Below are 6 plots made using the `mplot` function. These all work to better inform decisions when interpreting extreme values / the appropriateness of the model. Whilst the normal quantile and residual plots test the assumptions of the multiple regression model, the plots involving Cook's Distance and leverage help us identify possible outliers. 

```{r message = FALSE}
BK <- mutate(BK, resid = resid(BKmod), fitted = fitted(BKmod),
             student = rstudent(BKmod), CooksD = cooks.distance(BKmod))
mplot(BKmod, which = 1)
mplot(BKmod, which = 2)
mplot(BKmod, which = 3)
mplot(BKmod, which = 4)
favstats(~ CooksD, data = BK)
filter(BK, Carbs.g. > 66)
mplot(BKmod, which = 5)
mplot(BKmod, which = 6)
```

### Section 29.3: Building Multiple Regression Models

Using the Infant Mortality data used in the step by step example on page 874, we can create a linear model of all the variables except `State`. To do this we can use `.` to specify adding all the variables to the model and then `-State` to remove `State` from the model.  (Note that the dataset made available with the textbook does not correspond to the analyses in the book, so it is not possible to completely replicate the analyses in this section.)

```{r message=FALSE}
InfantMortality <- read_csv("http://nhorton.people.amherst.edu/sdm4/data/Infant_Mortality.csv")

lmInfant <- lm(Infantmort ~ . -State, data = InfantMortality)
msummary(lmInfant)
gf_point(rstudent(lmInfant) ~ fitted(lmInfant))
gf_dhistogram(~ rstudent(lmInfant), binwidth = 0.5, center = 0.25)
```

The `summary` output shows that only two of the variables are significant at the 5% level. This could be due to multicollinearity. A correlation matrix will help identify variables that are strongly correlated.

```{r}
select(InfantMortality, -State) %>%
  cor()
```

From this we see that `HSdrop`, `TeenBirths` and `TeenDeaths` are correlated.
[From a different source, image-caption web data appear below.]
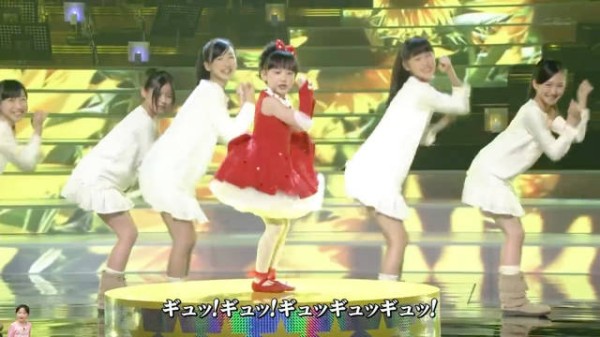 芦田爱菜 红色蓬蓬裙元气满满gyugyugyu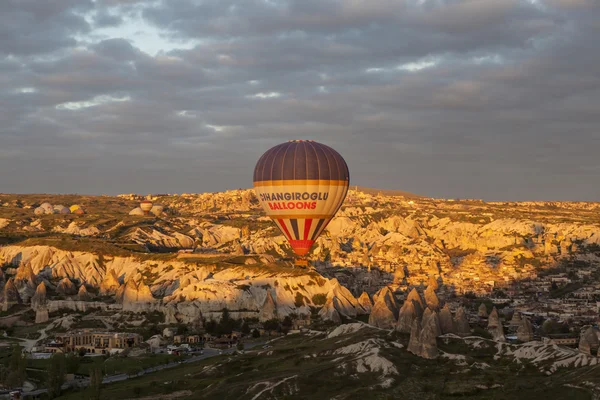 AVANOS, TURKEY மே 06, 2015: கபடோக்கியாவின் மேல் பலூன்களின் புகைப்படம் . — ஸ்டாக் புகைப்படம்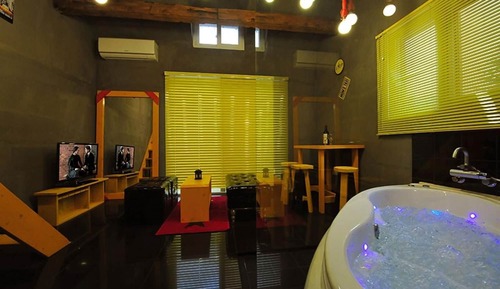 Room (Funky XY (Duplex Spa))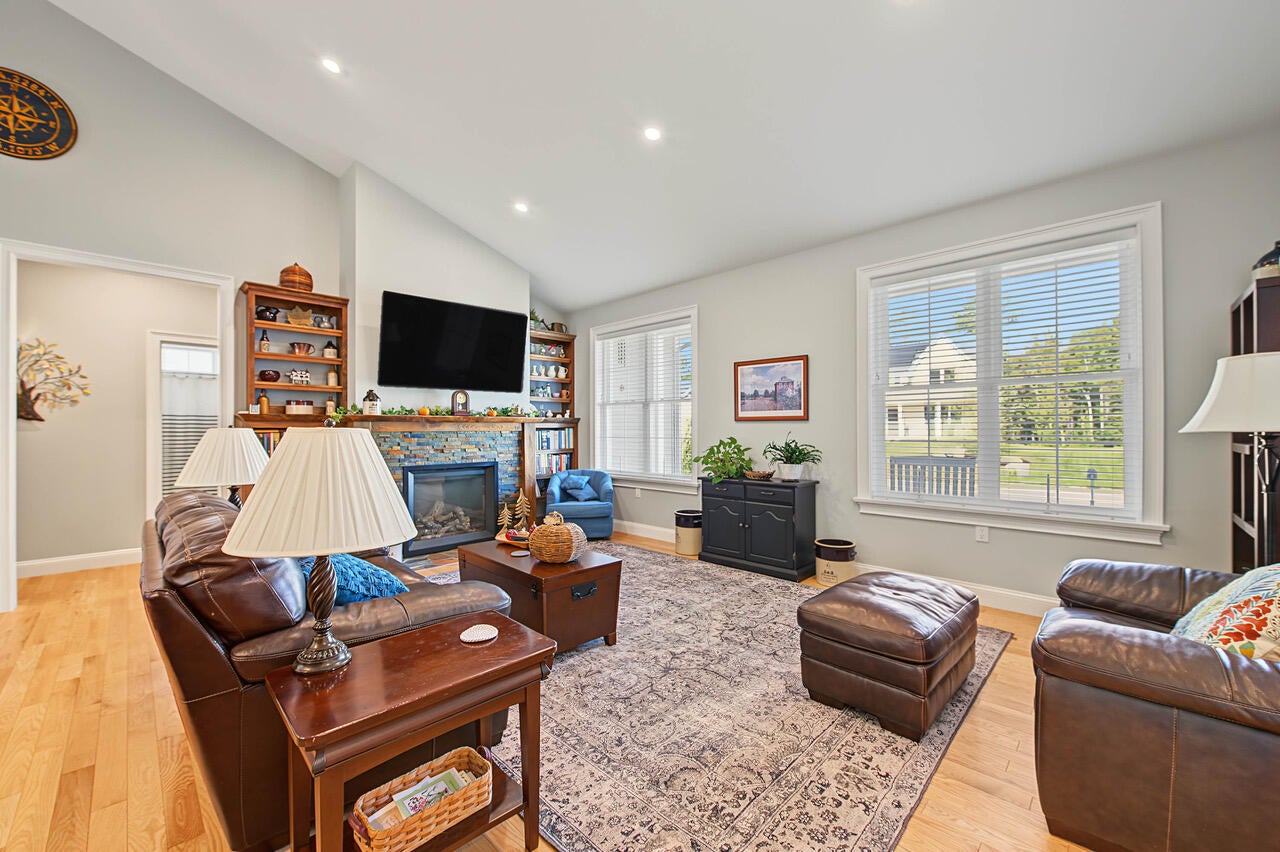 28 Beacon Drive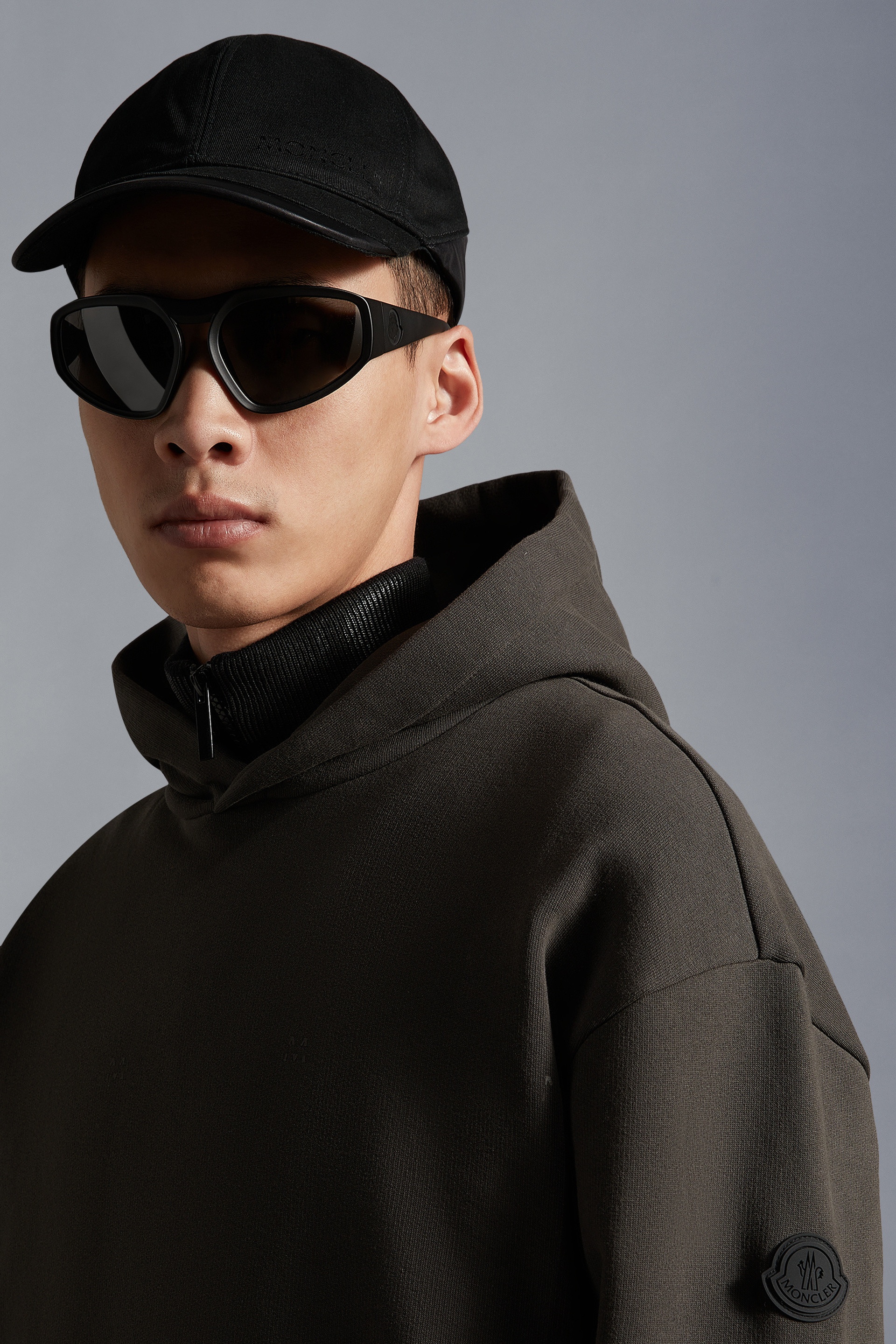 【関税/送料無料】MONCLER*Graphic Printed Long-Sleeved Hoodie Moncler Graphic Print Hoodie | REVERSIBLE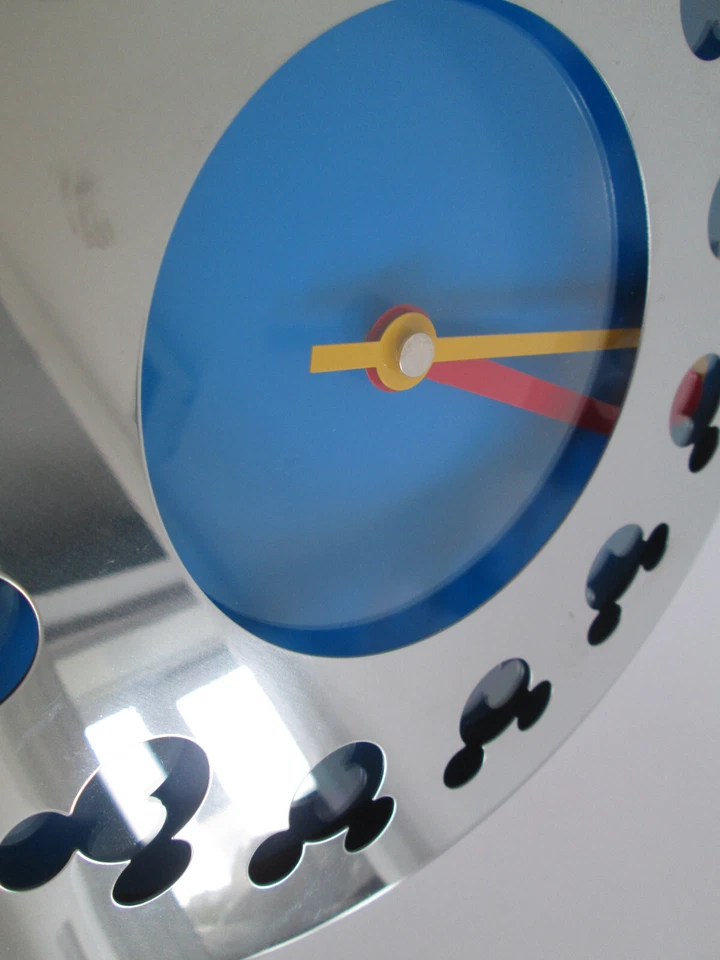 RARE MICKEY MOUSE WALL CLOCK DESIGNED FOR MOLLER BY MICHAEL GRAVES BOXED WORKS - Image 3 of 4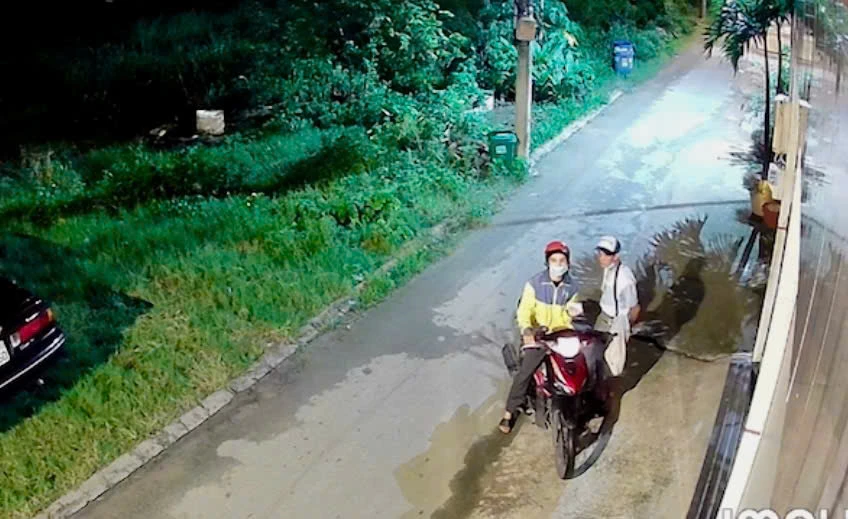 Công an làm việc với nam thanh niên giật gần 100 tờ vé số của người đàn ông tàn tật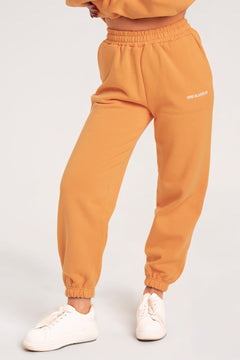 Pantalonii de trening tangerine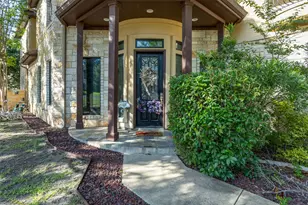 1 Treehaven Ln, The Hills, TX 78738 - Photo 2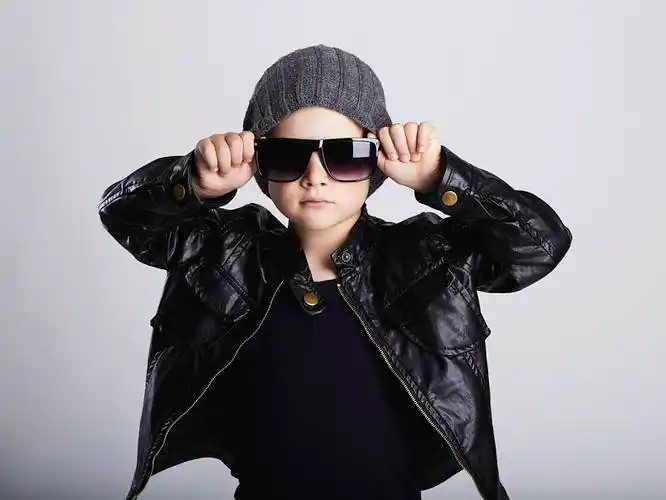 有趣,小男孩,墨镜,儿童,时尚,孩子_高清图片_全景视觉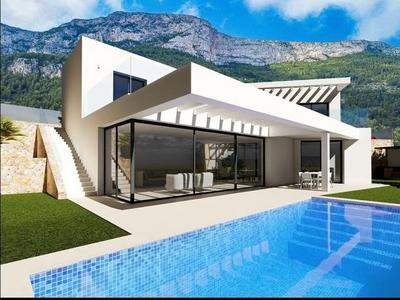 Chalet en venta en Dénia, Alicante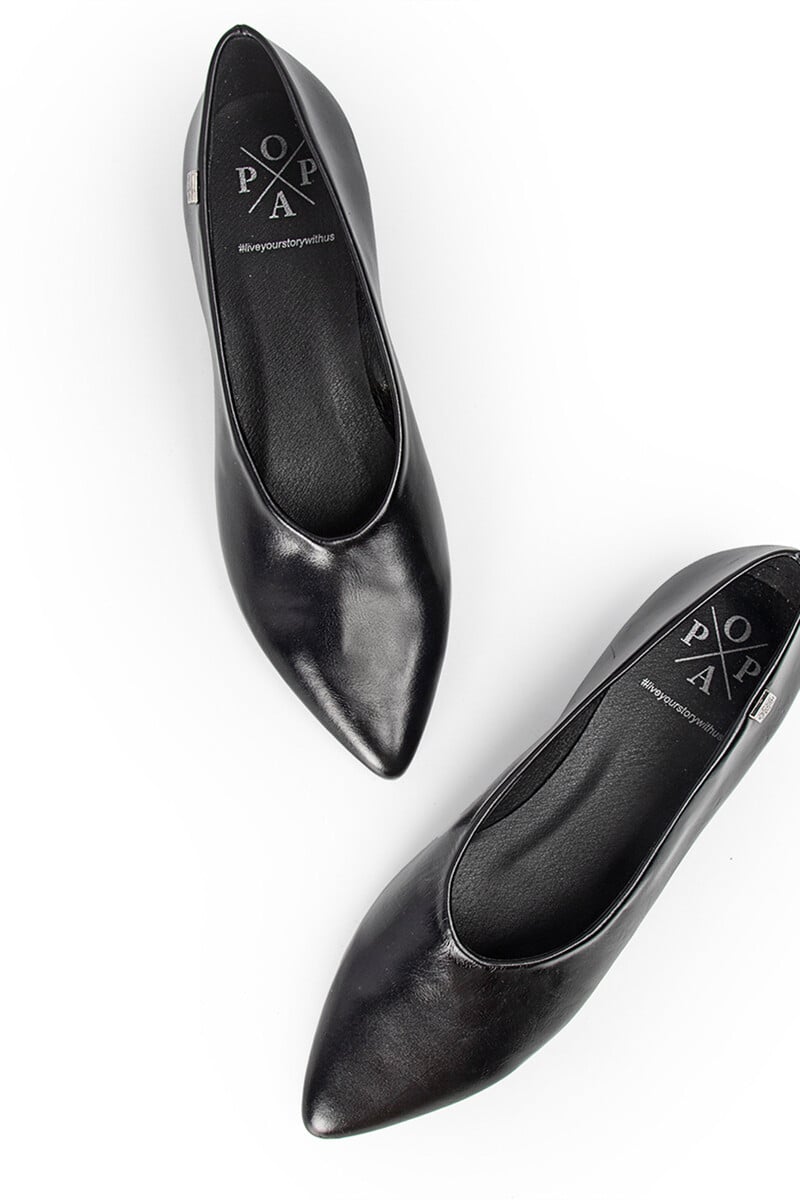 Pedro Del Hierro Bailarina Señora Anabel Piel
They are also the three least significant variables in the full model so it might not be unreasonable to remove them from the model.

```{r}
lmInfant2 <- lm(Infantmort ~ . -State -TeenDeaths -TeenBirths -HSdrop, data = InfantMortality)
msummary(lmInfant2)
```

Notice that the $R^2$ of this final model is 0.689: this is different from that reported in the book. 

There are a number of approaches when choosing the 'best' model and that different models may be better or worse given the constraints/specifications of the problem: much of this is left for more advanced courses.